Source data:

....

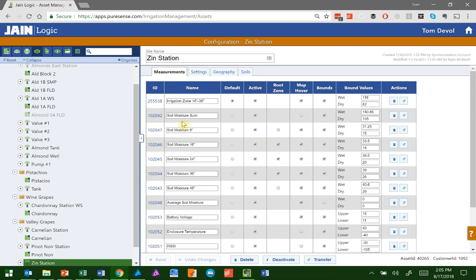So I'm going to go over to the Soil Moisture Sum and click to deactivate that. What that's going to do is deactivate it in the data set as far as charts go, but the sensor is still there. We're not removing it or deleting it. It's just not going to show us the data.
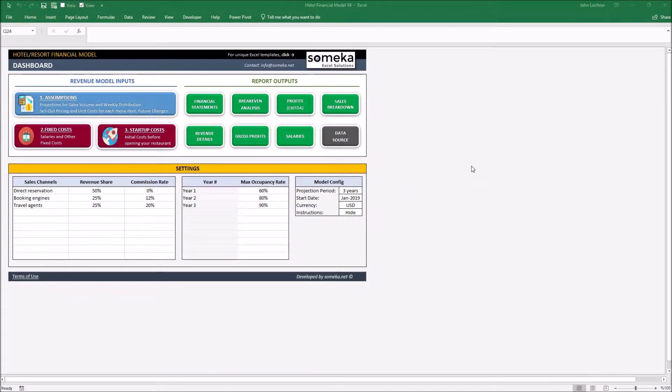Hello and welcome to SOMEC Hotel Financial Model Template. This tool mainly prepares you the possible financial status and reports of your hotel based on your assumptions.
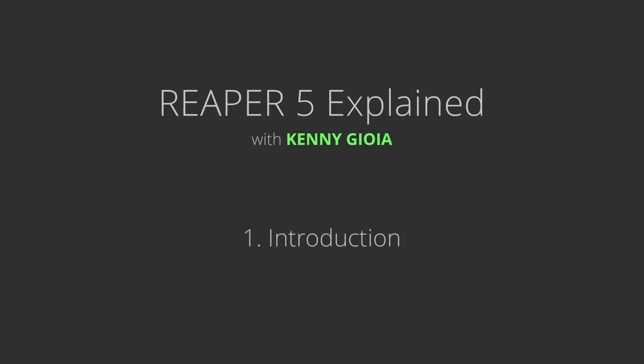Hi, I'm Kenny Gioia. Welcome to another one of my tutorials. In this series of videos, I'm going to show you Reaper from the ground up. In addition, we're going to highlight some of the great features added to this newer version, Reaper 5.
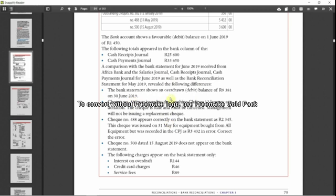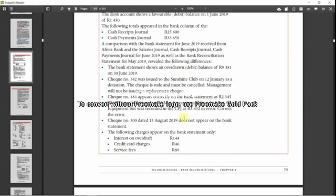For example, the bank statement shows an overdraft balance of 9,381 rand on 30 June 2019. Then you need to know what to do with that. Check number 382 was issued to Sunshine Club on 12th January as a donation. The check is stale and must be cancelled. Management will not be issuing a replacement check.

....

Exercise aim:
From the line containing "Hi, I'm Kenny" down to the final line of the material above, reproduce each line exactly and include no images.

Task solution:
Hi, I'm Kenny Gioia. Welcome to another one of my tutorials. In this series of videos, I'm going to show you Reaper from the ground up. In addition, we're going to highlight some of the great features added to this newer version, Reaper 5.
For example, the bank statement shows an overdraft balance of 9,381 rand on 30 June 2019. Then you need to know what to do with that. Check number 382 was issued to Sunshine Club on 12th January as a donation. The check is stale and must be cancelled. Management will not be issuing a replacement check.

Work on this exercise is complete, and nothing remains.